NOTE: The Internal Revenue Service is expecting delays in accepting and processing 2021 tax returns and urges taxpayers to take extra caution and file accurate tax returns electronically.
As you gear up to file your 2021 tax return, you may be wondering where to start and what to expect. Similar to tax year 2020, you will likely find that filing for 2021 will be different than in past years.
To help you prepare, we’ve put together some first steps and new changes for the 2021 tax filing season, along with helpful resources you can use as you go to file.
Taking the First Step
The Internal Revenue Service suggests that the first step to filing your taxes is to gather all the necessary documents and records you will need.
You should have direct access to at least some of these records indefinitely, such as the social security numbers of everyone listed on the tax return and your bank account and routing numbers.
For other documents, you will need to rely on other organizations to send them to you, either electronically or through the traditional mail. These kind of documents typically include:
- • W-2 forms – sent by your employer(s)
- • 1099 forms – sent by your bank(s), issuing agencies and other payers
- • 1095-A form – sent by Health Insurance Marketplaces for those enrolled in qualified plan
- • Statements of annual giving – sent by charities/non-profits you have contributed to
In addition, the IRS sent out two official letters regarding 2021 tax provisions made due to the COVID-19 pandemic. Letter 6419 was sent to those who received advance child tax credit payments (see more about this below), and Letter 6475 was sent regarding taxpayers’ 2021 economic impact payment (stimulus) to help them determine their eligibility for the Recovery Rebate Credit (available for those who didn’t receive their full stimulus payments).
Changes for 2021 Tax Returns
There were multiple changes carried over or implemented during 2021 that may affect your return. While this is not a complete list, here are some of the significant changes to be aware of:
Advance Child Tax Credit Payments
For those with dependent children, you should have received advance child tax credit payments in 2021 (unless you opted out and notified the IRS that you did not wish to receive them). As mentioned above, the IRS sent Letter 6419 to all who received the advance payments.

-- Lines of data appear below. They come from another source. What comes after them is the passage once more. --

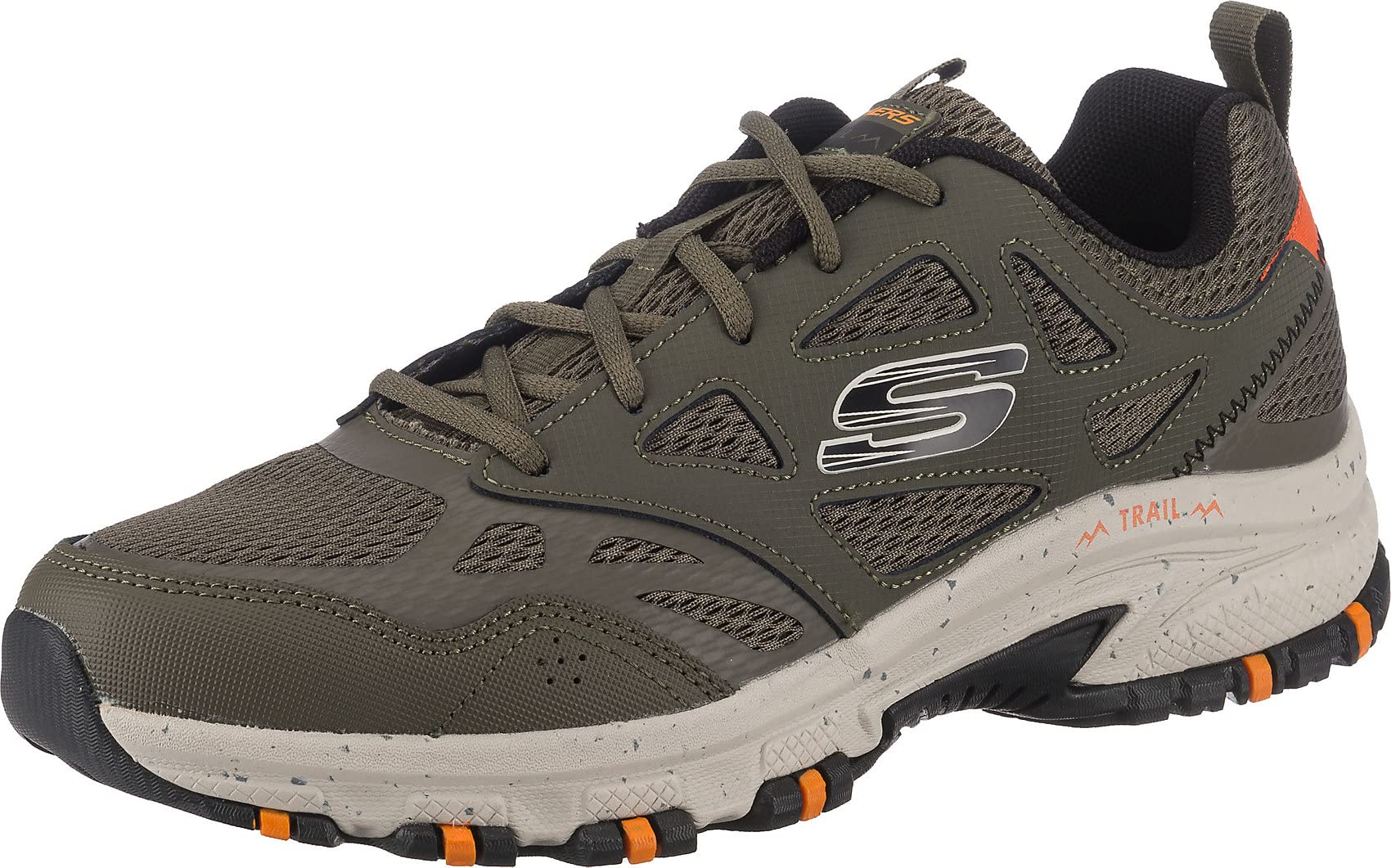 Skechers HİLLCREST Erkek Yeşil Outdoor Ayakkabı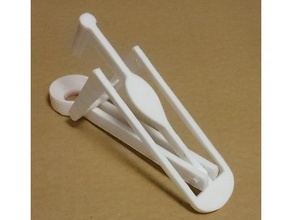 cereja pitter mecanismo de mola - se atento a cozinha jantar 3d print model - Mito3D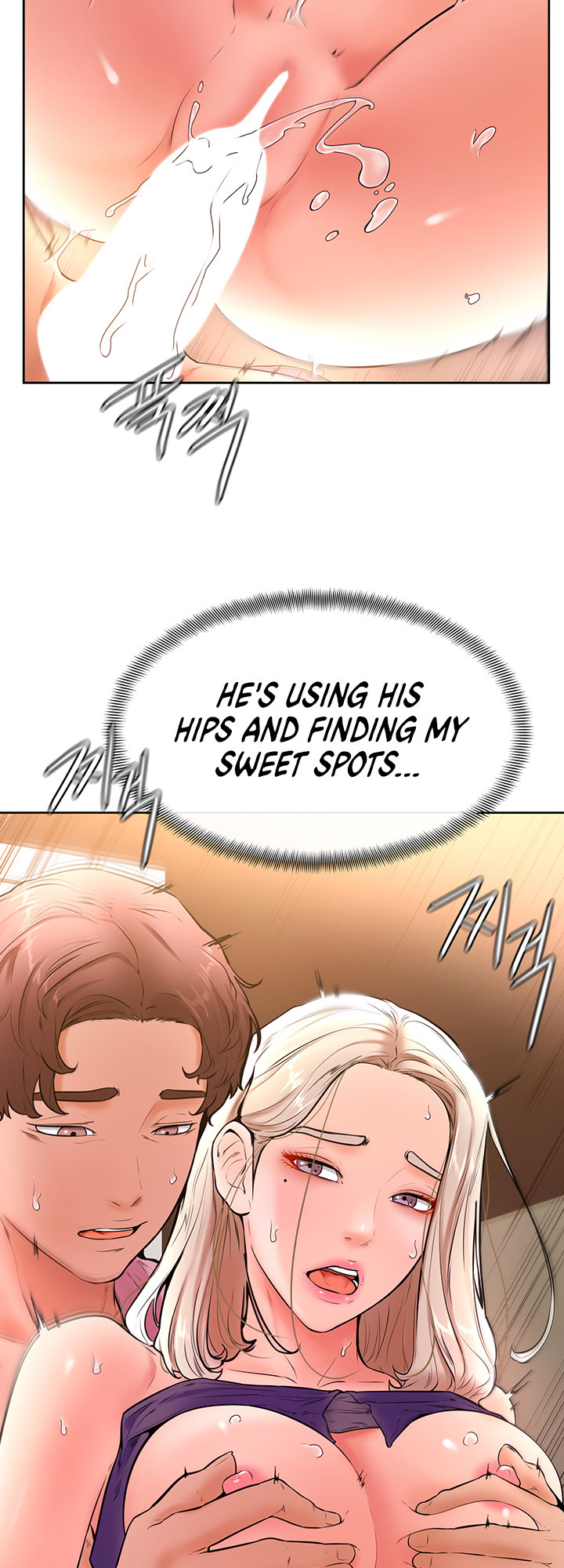Cheer Up, Namjoo Chapter 19 Page 16
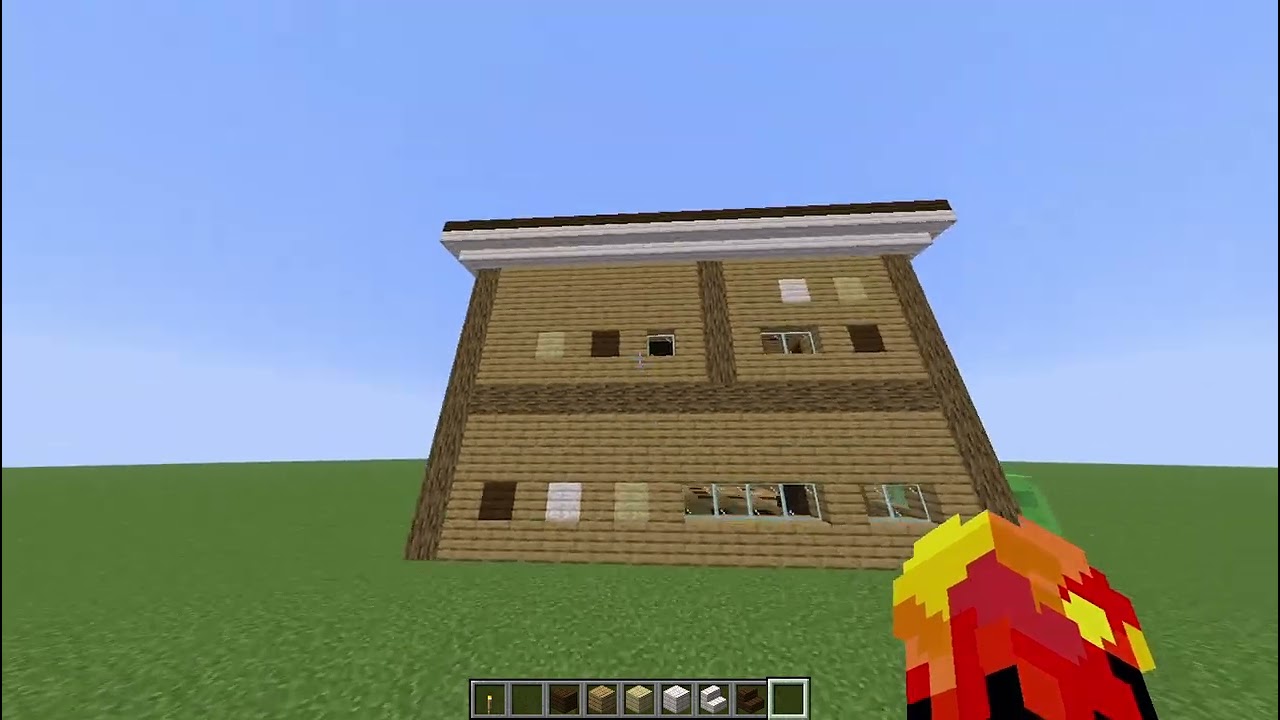 house building part 3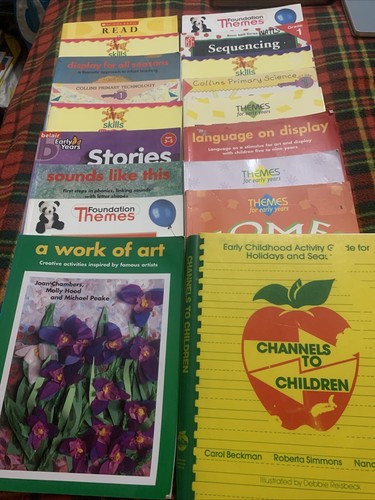 Assorted bundle - 18,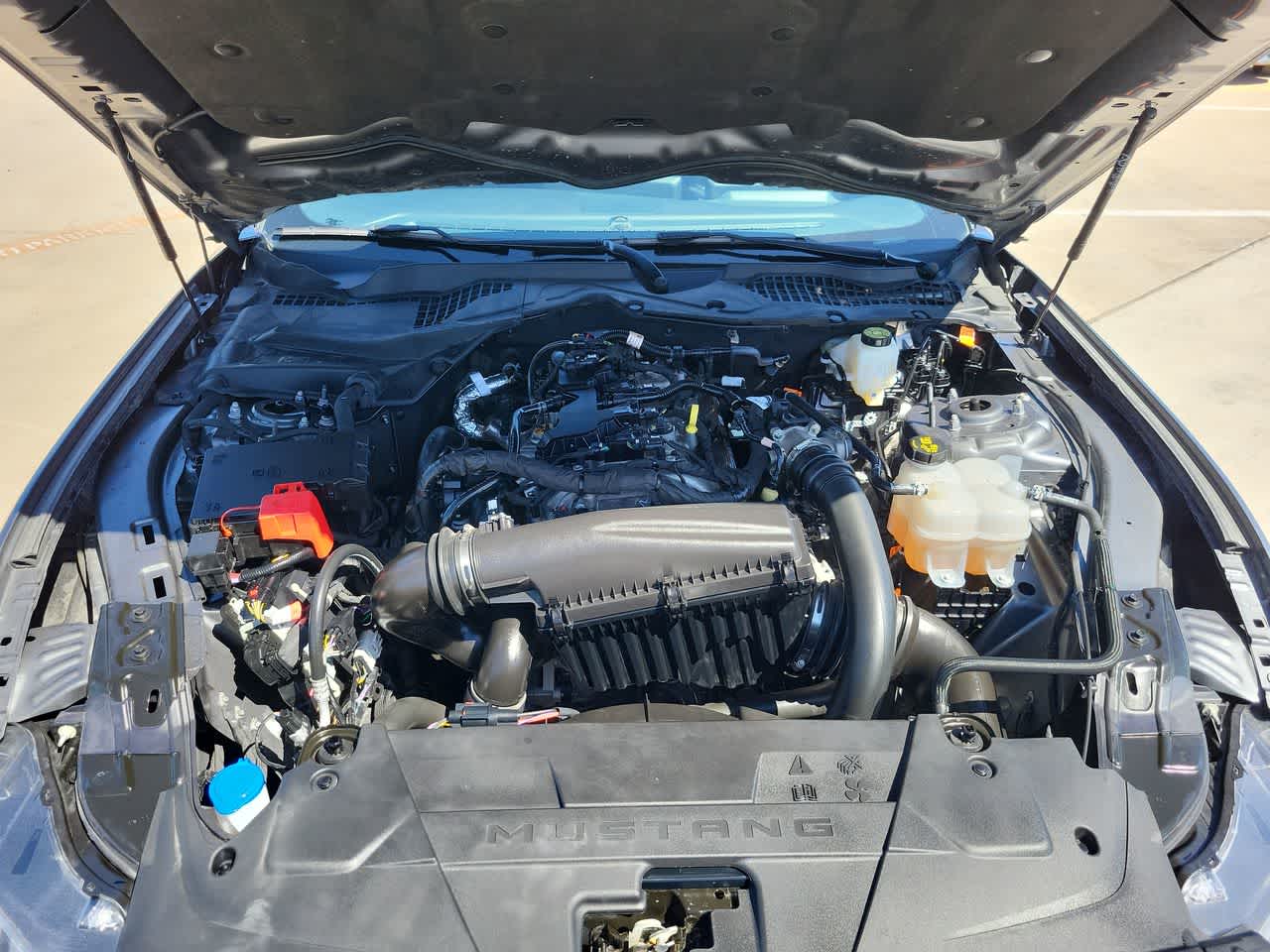 Thumbnail: 2024 Ford Mustang - 17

The IRS advised that you keep the letter for your tax records, as you may need to refer to it when filing your 2021 tax return. For a list of frequently asked questions regarding this topic, click here.
Expanded Charitable Tax Deductions
Originally enacted through the Coronavirus Aid, Relief and Economic Security (CARES) Act of 2020, a deduction for charitable donations is available to all taxpayers, even those who do not itemize their deductions for their 2021 tax returns.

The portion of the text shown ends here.